Integral Equation with "convolution"

Question

I've got the following problem I'm working on which is related to some of my research:

Solve:

$f(x) = \int_{-\infty}^x G(x,y)f(y)f(x-y)dy$

for f, given $G$ which has whatever smoothness properties you might need.

There are two possible simplifications that can be made regarding G: either

1: $G(x,y) \equiv 0$ when $y>x$ and thus we continue the integral up to $\infty$

or

2: $G$ is symmetric, $G(x,y) = G(y,x)$ (but the integral must extend to x, not $\infty$)

These are the only bounds I have so far to put on G.

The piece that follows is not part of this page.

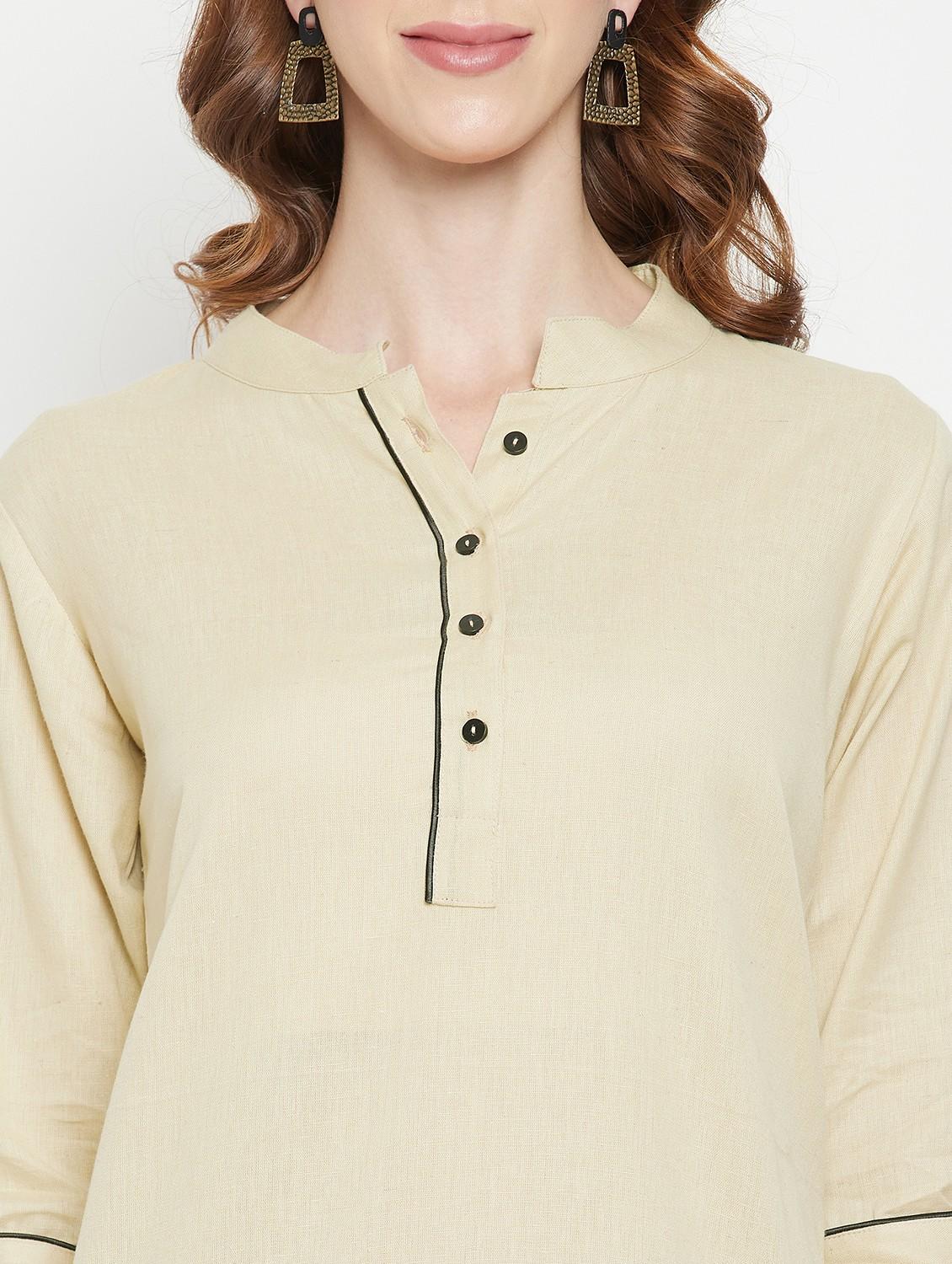 women three quarter sleeve straight kurti - 22061386 - Standard Image - 5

Hoping you guys might have some ideas. This question comes about in a few problems related to the study of the structure of solids.

-edit

I'm not really looking for a general solution, since its highly unlikely it will be possible. I'm really interested in finding particular solutions, assumptions, or techniques that might be helpful in understanding the problem.

--

Answer 1

The simplest approach one can think is an iterative one. Let us consider the given equation $$ f(x)=\int_{-\infty}^xG(x,y)f(y)f(x-y)dy. $$ Now, we assume as a first iterate $f^{(0)}(x)=1$ and so $$ f^{(1)}(x)=\int_{-\infty}^xdyG(x,y) $$

$$ f^{(2)}(x)=\int_{-\infty}^xdyG(x,y)\int_{-\infty}^ydwG(y,w)\int_{-\infty}^{x-y}dzG(x-y,z) $$

and so on. One is granted the existence of the n-th iterate provided the integral of $G$ exists and is properly bounded.